We won the Southland Conference Championship that year. Right out of high school, and I already owned a championship ring. Not a bad start. I also won Offensive Scout Team Player of the Year. Throw in over thirty hours of college completed that first year, with a GPA above 3.0, and youve got the makings of a man with delusions of grandeur.
First impressions are often irreversible. Not because you do not have the opportunity to make a better impression later, but because most people immediately make up their minds about someone and become comfortably entrenched in their assessment. This was certainly the case with my head coach, Matt Simon. First impressions cut both ways, though.

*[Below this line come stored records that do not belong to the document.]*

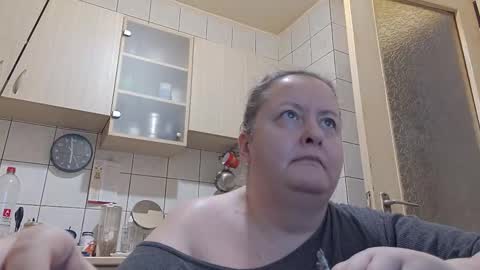 Snapshot of bethnorth chatting on 02-27-26, 03:50 bethnorth online show from 02-27-26, 03:50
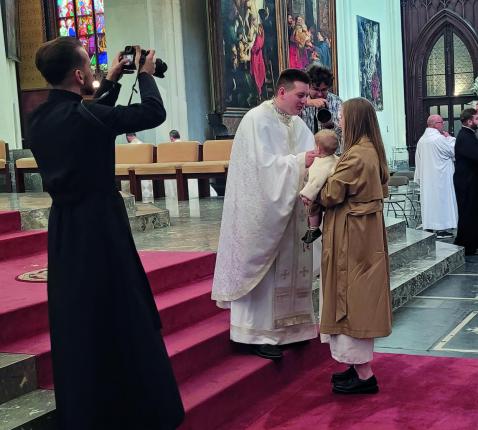 Volodymyr Hreshchuk met echtgenote Helena en baby Anna na zijn priesterwijding in oktober 2024 in de kathedraal. © Ilse Van Halst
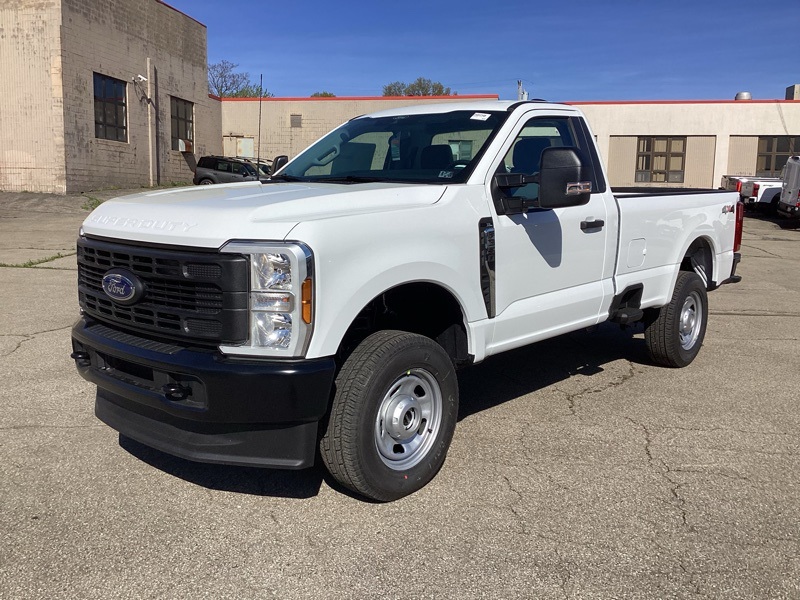 2025 Ford F-350 photo 3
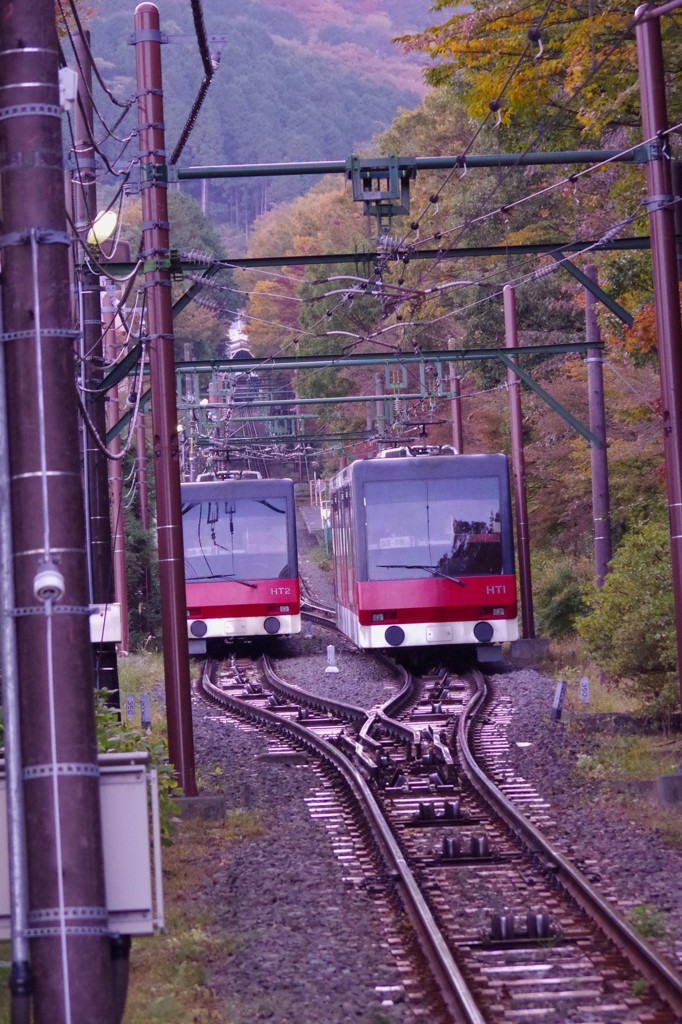 行き違う箱根ケーブルカー・・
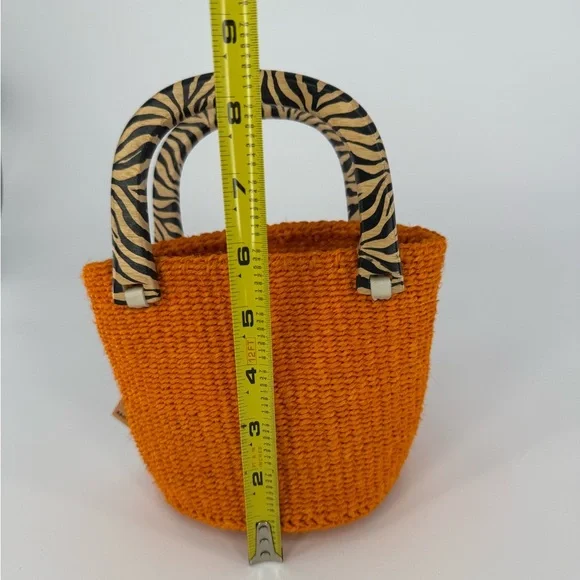 NWT Handwoven Bolga basket or bag in Sisal Orange and Zebra Combo - Picture 6 of 13
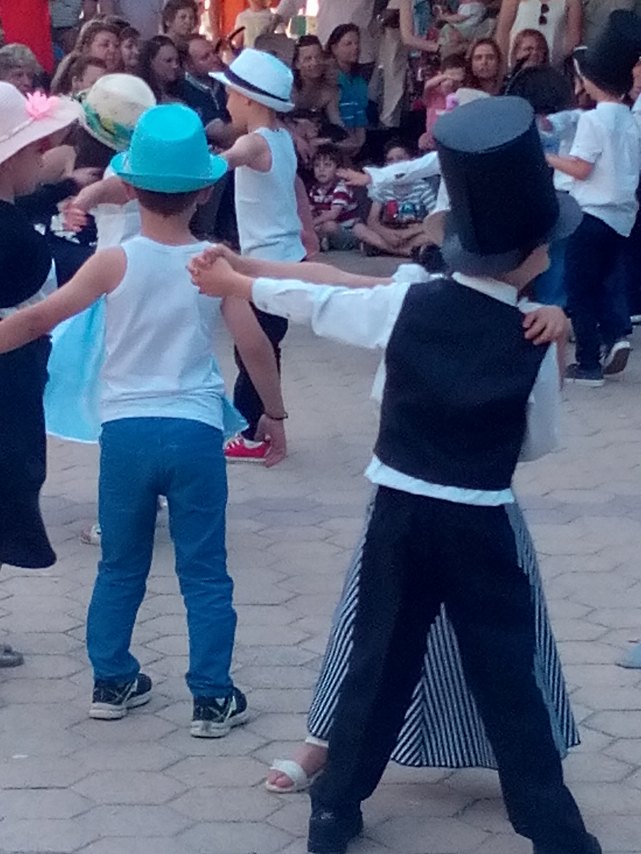 Τα παιδιά του 9ου Νηπιαγωγείου, «ζωντάνεψαν» τις τέχνες!!! (foto)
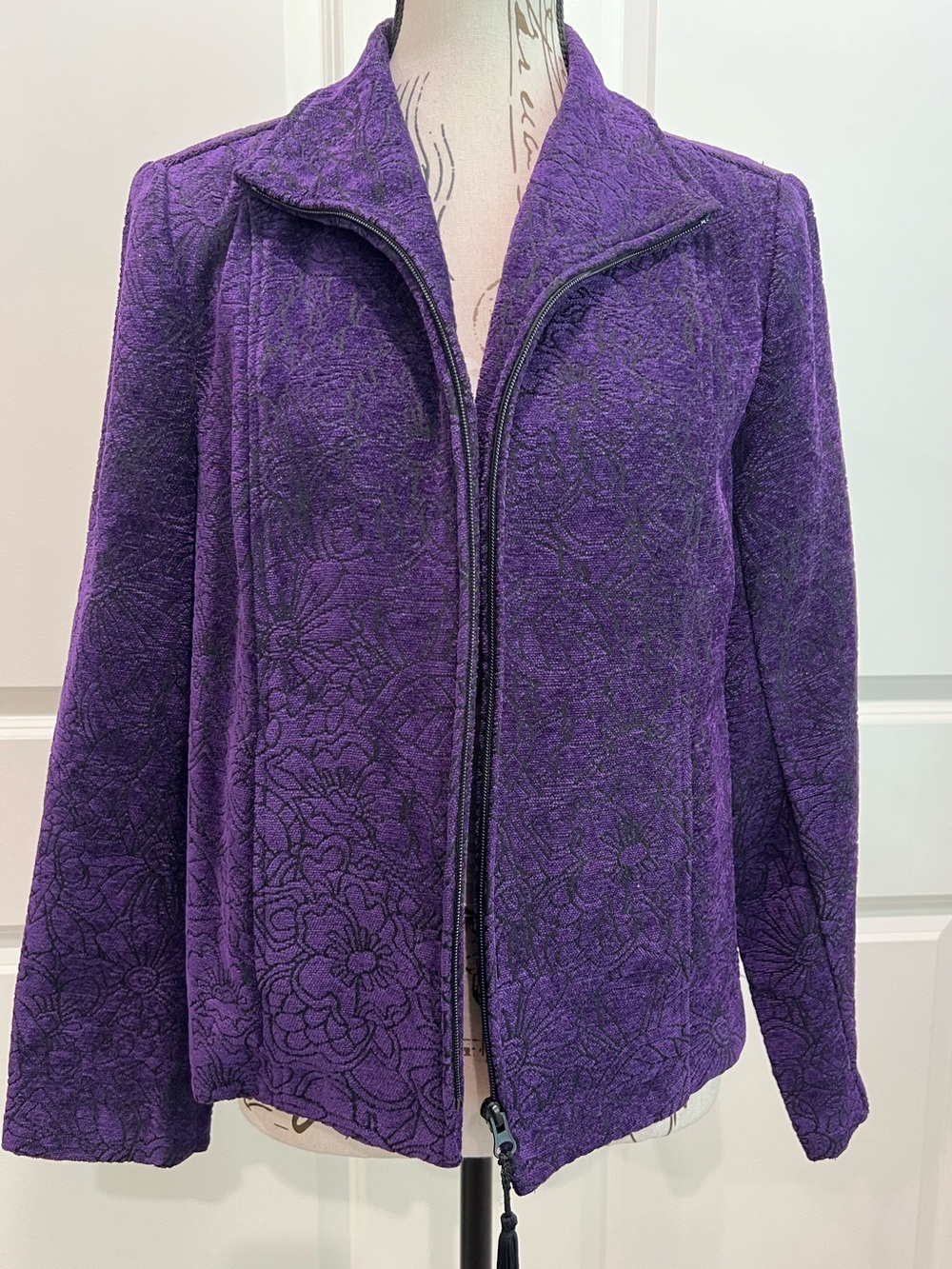 Dressbarn Purple Floral-Textured Jacket Blazer, Medium/Petite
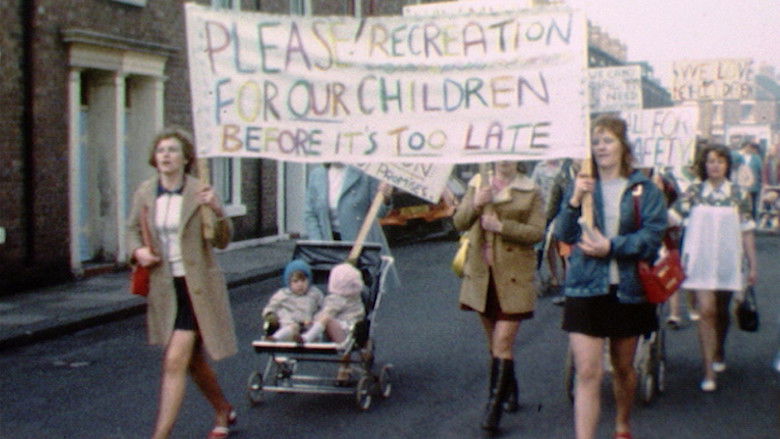 кадр из фильма Cost of Living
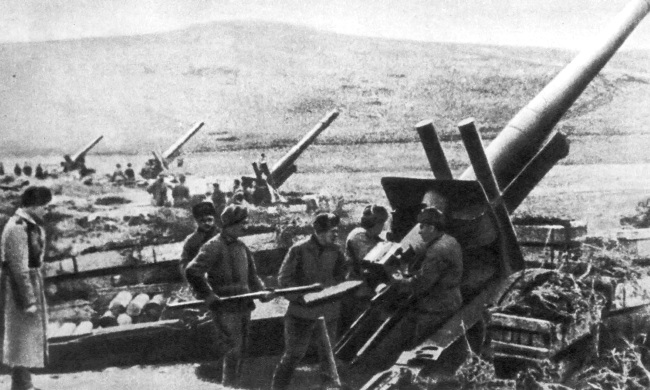 Советская артиллерия ведет огонь по вражеским укреплениям.jpg
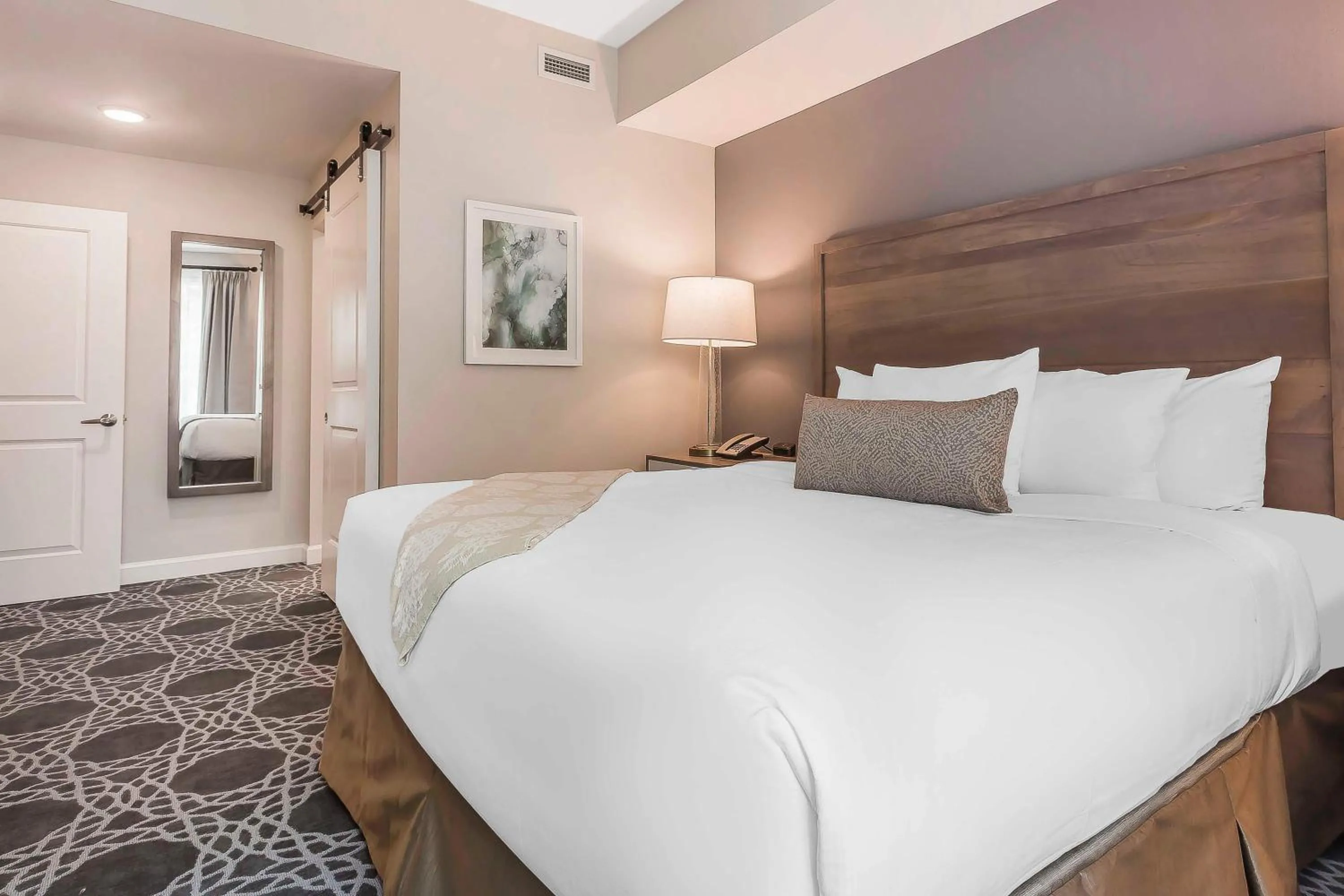 One-Bedroom King Suite with Sofa Bed in Hilton Vacation Club King 583 Charleston
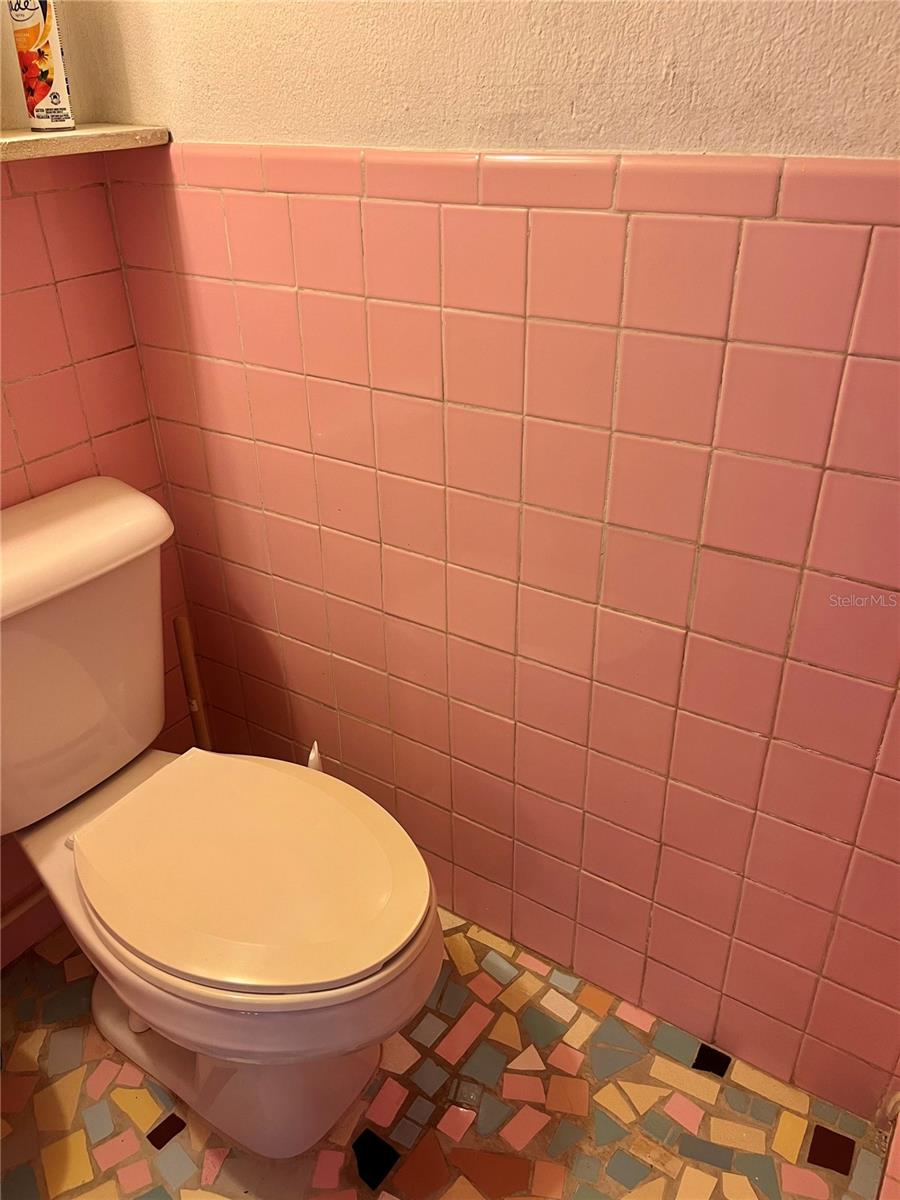 Mid-Century tile in perfect shape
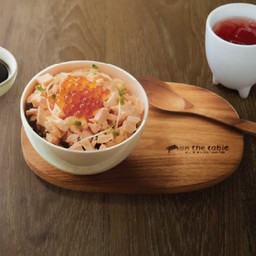 ข้าวหน้าแซลมอนและไข่ปลาแซลมอนคุณหนู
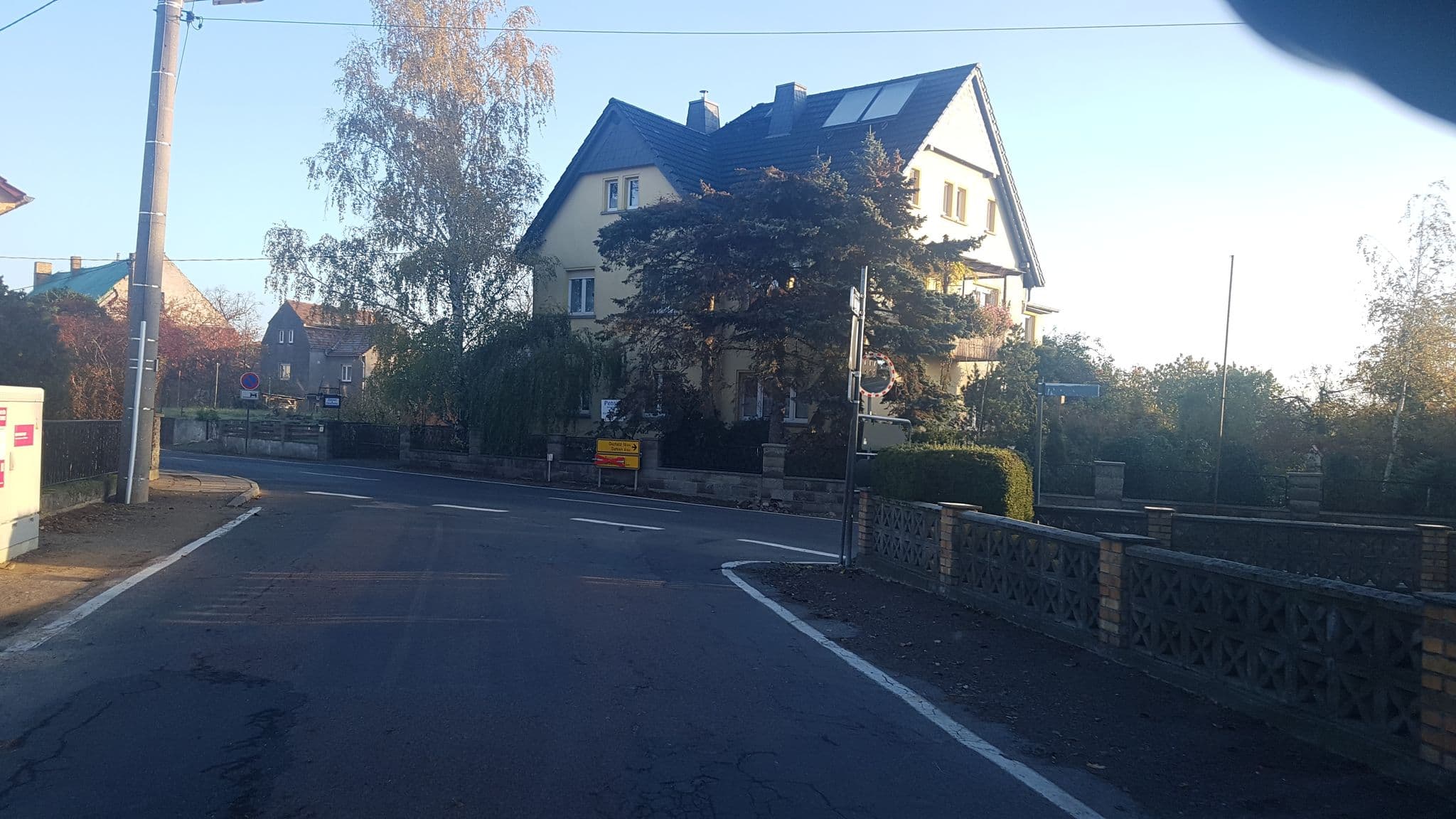 Street view near FeWo Schuffenhauer, Dahlen — © dsmm (CC BY-SA · Mapillary)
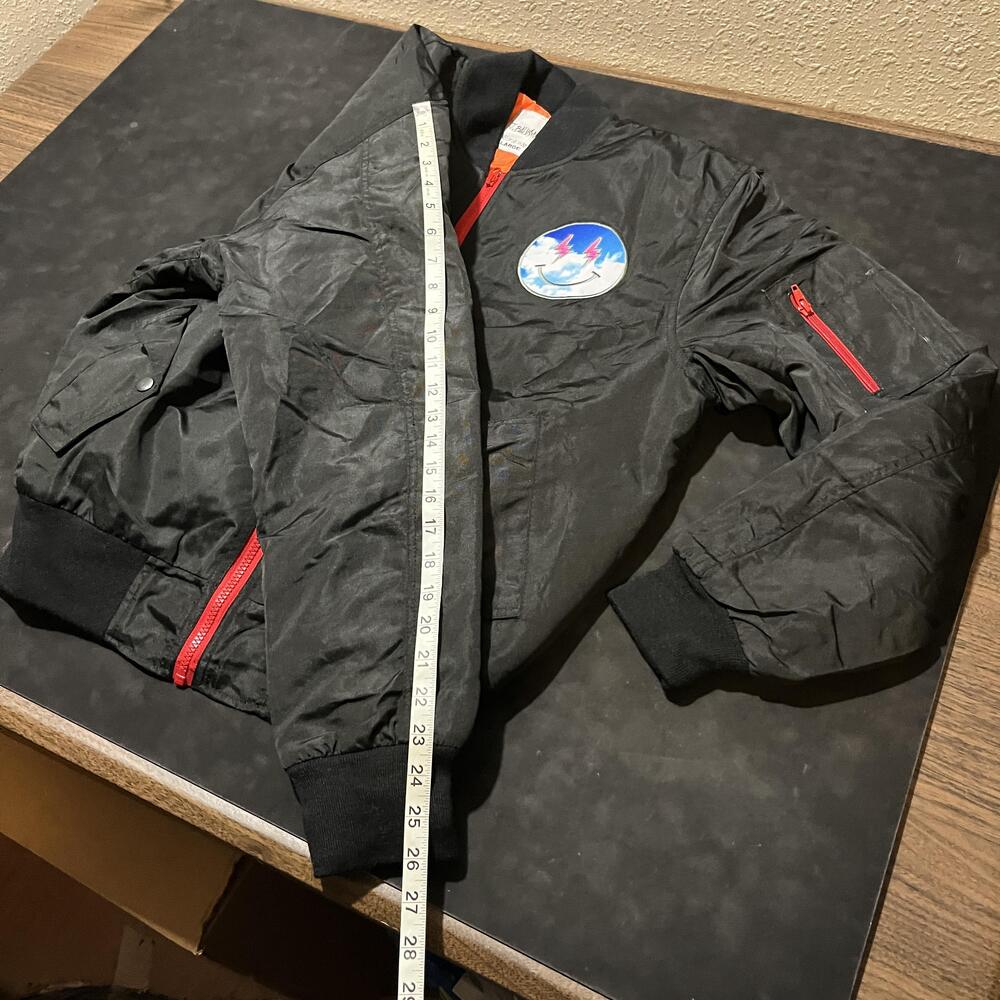 J Balvin Jacket Mens Large Black 2022 Jose Tour Bomber Smiley Lightning Patch - Picture 9 of 12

Coach Simon did not recruit me to North Texas; he inherited me from the coaching staff that signed me but was gone when I arrived on campus in 94. He never cared much for me, often reminding me I was too short to be a quarterback. He also never forgot the partying fool I was my freshman year. No matter how good my grades were or how solid my performance on the field, he refused to seriously consider me for the starting quarterback job the next season. The first game of the season was at Missouri. He put me in late in the fourth quarter, after the game was out of reach for us. I did not do terrible for the limited time I played. After that, I was relegated to third, and even fourth on the depth chart.
It used to piss me off when we would be losing and he would make a quarterback change, only to go with one of the new quarterbacks hed recruited. Eventually, he found a way to completely get me out of the way. One week, when our secondary was stretched thin with injuries, he offered me to the defensive coaches. His logic was that I was an athlete who could, theoretically, play free safety because, as a quarterback who studied defenses, I knew everything a free safety did in every coverage.
I was never built to play defense. Defensive guys have an aggressiveness about them that cannot be imitated. Being a competitor was never a problem. I was as big of a competitor as there ever was. Hitting people, however, was something I could never get comfortable with. As a quarterback, we spent our entire careers avoiding contact. Now I was being coached to collide with people at full speed.